- _Dataset entries_
----

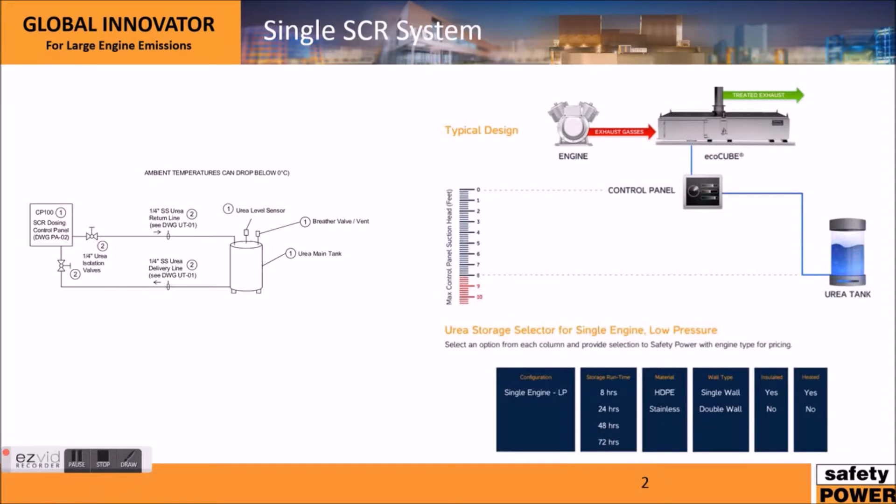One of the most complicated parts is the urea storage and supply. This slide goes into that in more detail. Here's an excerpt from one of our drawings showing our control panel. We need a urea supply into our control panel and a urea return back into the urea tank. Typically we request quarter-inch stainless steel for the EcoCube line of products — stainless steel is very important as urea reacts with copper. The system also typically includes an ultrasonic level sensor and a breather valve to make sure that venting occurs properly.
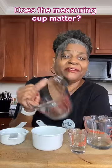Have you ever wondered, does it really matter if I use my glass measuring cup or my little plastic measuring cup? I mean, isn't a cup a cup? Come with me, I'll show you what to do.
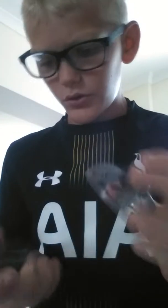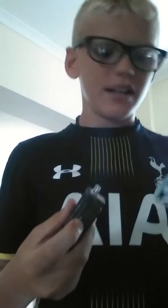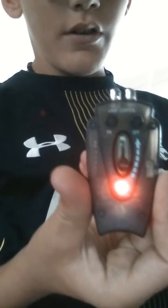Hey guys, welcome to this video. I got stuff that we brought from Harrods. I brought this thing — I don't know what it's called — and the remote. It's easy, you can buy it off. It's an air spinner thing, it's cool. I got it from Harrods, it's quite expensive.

----

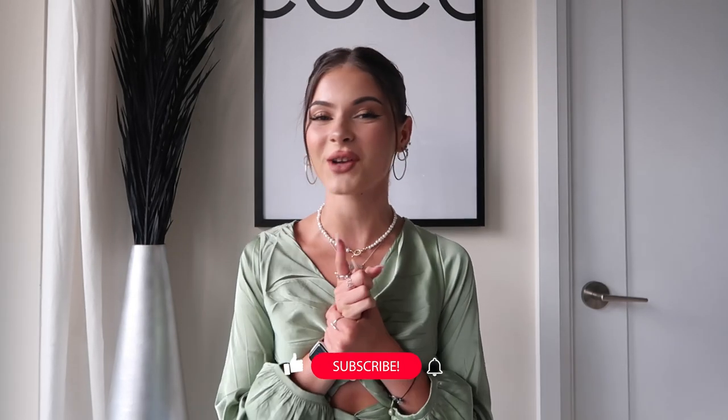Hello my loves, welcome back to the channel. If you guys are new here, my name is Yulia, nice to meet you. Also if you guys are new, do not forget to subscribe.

----

- _What you will do_
Using the data above, output the line that has "Have you ever", the line that has "Hey guys, welcome", and whatever lines fall between, each exactly as it stands and without pictures.

- _Problem solution_
Have you ever wondered, does it really matter if I use my glass measuring cup or my little plastic measuring cup? I mean, isn't a cup a cup? Come with me, I'll show you what to do.
Hey guys, welcome to this video. I got stuff that we brought from Harrods. I brought this thing — I don't know what it's called — and the remote. It's easy, you can buy it off. It's an air spinner thing, it's cool. I got it from Harrods, it's quite expensive.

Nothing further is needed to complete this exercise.